It’s no accident that Google is top dog for search on iPhones and other Apple products. It cost the company $1 billion in 2014 according to possibly leaked documents.
It’s being reported that as part of a five-year case against Google’s apparent use of Oracle’s Java technology, a court heard that “at one point in time the revenue share [between Apple and Google] was 34 percent,” according to a Bloomberg report.
Apple received $1 billion from its rival in 2014, according to a transcript of court proceedings from Oracle Corp.’s copyright lawsuit against Google. The search engine giant has an agreement with Apple that gives the iPhone maker a percentage of the revenue Google generates through the Apple device, an attorney for Oracle said at a Jan. 14 hearing in federal court.

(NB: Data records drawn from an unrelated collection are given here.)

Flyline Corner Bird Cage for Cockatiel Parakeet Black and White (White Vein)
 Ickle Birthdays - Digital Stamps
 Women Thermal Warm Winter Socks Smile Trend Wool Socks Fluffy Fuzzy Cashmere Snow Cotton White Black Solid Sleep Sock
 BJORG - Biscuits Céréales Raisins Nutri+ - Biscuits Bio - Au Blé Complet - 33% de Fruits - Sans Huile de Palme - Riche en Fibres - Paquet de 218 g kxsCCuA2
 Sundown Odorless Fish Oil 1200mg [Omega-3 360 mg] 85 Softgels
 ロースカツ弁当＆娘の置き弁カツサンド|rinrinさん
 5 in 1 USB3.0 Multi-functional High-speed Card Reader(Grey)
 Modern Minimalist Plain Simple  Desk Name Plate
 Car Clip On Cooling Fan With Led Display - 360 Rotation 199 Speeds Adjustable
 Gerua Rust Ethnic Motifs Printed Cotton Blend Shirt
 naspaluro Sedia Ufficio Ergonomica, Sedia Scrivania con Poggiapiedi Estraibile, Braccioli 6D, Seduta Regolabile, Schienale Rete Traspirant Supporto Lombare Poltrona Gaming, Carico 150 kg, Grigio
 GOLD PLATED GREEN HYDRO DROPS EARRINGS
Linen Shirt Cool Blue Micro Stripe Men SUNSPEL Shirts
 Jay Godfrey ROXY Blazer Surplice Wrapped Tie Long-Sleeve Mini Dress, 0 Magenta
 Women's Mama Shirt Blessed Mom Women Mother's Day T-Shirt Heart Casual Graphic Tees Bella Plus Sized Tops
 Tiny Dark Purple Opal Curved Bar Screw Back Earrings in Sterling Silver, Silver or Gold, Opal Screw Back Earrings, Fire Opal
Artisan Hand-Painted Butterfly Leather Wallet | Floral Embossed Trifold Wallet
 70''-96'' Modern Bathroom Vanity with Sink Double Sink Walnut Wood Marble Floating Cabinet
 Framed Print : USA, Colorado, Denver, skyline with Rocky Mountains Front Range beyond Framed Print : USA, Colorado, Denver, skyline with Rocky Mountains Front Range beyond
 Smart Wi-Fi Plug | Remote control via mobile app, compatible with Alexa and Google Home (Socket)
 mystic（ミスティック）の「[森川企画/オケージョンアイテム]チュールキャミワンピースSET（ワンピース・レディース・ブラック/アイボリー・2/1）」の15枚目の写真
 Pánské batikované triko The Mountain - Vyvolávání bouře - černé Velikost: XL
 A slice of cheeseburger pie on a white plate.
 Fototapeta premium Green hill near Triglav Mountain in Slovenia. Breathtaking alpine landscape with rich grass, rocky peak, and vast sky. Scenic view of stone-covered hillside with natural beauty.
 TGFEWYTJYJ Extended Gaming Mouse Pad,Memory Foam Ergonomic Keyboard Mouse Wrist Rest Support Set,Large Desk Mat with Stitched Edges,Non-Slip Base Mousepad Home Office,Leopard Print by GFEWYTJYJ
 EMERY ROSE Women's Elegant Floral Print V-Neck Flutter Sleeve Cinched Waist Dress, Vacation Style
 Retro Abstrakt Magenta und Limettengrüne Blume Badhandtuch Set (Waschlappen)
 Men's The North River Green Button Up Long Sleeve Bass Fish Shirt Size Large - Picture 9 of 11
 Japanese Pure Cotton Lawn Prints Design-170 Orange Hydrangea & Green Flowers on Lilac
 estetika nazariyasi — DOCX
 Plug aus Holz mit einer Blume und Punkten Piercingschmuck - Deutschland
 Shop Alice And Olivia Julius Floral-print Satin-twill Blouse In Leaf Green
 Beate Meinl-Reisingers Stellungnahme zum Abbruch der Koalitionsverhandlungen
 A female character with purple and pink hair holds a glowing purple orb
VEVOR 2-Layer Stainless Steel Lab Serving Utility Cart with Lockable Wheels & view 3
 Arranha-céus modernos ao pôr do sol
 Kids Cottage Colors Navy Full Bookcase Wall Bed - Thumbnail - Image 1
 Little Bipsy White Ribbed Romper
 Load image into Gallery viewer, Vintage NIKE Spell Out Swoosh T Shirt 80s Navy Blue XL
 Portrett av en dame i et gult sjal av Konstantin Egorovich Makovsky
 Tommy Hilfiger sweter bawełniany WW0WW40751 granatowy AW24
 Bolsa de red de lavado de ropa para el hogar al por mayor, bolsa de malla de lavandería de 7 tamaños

Oracle has been fighting Google since 2010 over claims that the search engine company used its Java software without paying for it to develop Android. The showdown has returned to U.S. District Judge William Alsup in San Francisco after a pit stop at the U.S. Supreme Court, where Google lost a bid to derail the case. The damages Oracle now seeks may exceed $1 billion since it expanded its claims to cover newer Android versions.
Apple has something to be embarrassed about, claiming that it is dedicated to protecting customer information and not profiting from it.
TechCrunch reported that “Another factoid thrown up by the case included a claim that Android has generated $31 billion in annual revenue to date, of which $22 billion is profit.”
Reports of the death of IP licensing appear to be exaggerated.